The Dunbar Village housing project is one of many across the country that are inhabited by an overwhelmingly poor population. Crimes like these — while often not this sadistic — are not uncommon. Its inception dates back to 1940 when it was established as a neighborhood for Black people (who had virtually no other options thanks to racial segregation). Currently, it’s only around the corner from beachfront property owned by billionaires.

While this case got little coverage outside of the West Beach area, it briefly got a boost when Al Sharpton and the NAACP got involved. However, instead of rallying around the women and her son, they instead advocated on behalf of the perpetrators, who they believed were subjected to unfair treatment because they are Black.

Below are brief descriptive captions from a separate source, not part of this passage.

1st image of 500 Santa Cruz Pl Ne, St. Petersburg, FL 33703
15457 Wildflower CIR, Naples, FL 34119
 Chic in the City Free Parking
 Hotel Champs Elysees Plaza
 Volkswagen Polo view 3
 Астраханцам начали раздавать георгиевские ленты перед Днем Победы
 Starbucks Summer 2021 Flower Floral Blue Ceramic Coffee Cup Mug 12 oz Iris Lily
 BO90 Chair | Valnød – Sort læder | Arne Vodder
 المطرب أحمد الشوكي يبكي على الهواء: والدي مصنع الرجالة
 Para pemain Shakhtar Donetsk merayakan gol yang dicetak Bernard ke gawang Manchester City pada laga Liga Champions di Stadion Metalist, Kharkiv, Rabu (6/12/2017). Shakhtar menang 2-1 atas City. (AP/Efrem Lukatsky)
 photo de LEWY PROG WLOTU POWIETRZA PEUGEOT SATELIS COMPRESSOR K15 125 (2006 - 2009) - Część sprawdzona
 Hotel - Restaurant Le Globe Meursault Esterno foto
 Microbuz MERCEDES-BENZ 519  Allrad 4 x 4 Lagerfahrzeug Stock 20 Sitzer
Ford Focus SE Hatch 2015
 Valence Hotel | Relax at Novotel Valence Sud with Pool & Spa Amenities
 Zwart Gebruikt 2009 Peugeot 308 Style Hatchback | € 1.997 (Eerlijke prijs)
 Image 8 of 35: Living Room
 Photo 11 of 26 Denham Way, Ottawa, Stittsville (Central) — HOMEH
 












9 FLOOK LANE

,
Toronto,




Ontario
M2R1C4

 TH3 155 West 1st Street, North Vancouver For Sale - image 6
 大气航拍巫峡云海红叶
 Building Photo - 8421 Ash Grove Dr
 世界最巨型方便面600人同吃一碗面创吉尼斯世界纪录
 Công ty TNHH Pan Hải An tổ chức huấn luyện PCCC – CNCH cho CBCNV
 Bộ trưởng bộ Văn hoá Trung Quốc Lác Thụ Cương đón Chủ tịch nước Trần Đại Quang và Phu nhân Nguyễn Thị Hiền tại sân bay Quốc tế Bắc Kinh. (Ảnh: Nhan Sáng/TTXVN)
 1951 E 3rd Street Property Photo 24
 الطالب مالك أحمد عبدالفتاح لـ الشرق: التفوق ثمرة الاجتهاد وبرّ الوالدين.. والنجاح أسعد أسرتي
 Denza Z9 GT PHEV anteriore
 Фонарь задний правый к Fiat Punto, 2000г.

This is not a completely absurd claim as five White teenagers in the Boca Raton area were released on bail after being accused of sexually assaulting two White girls. Still, this action infuriated Black feminists who believed that their focus on protecting Black men was so strong that they were willing to handwave the victimization of Black women. This incident sparked the creation (and spread) of an open letter addressed to both Sharpton and the NAACP. After the letter gained a significant amount of traction, Sharpton and the NAACP withdrew support from the accused. To this day, only four of the teenagers involved in the atrocity have been charged, tried, and sentenced.

This piece of history highlights the importance of acknowledging intersecting identities when choosing which causes an activist group should support. Namely, if advocating for a cause propagates the oppression of a large portion of individuals within that group, it’s not worth fighting for.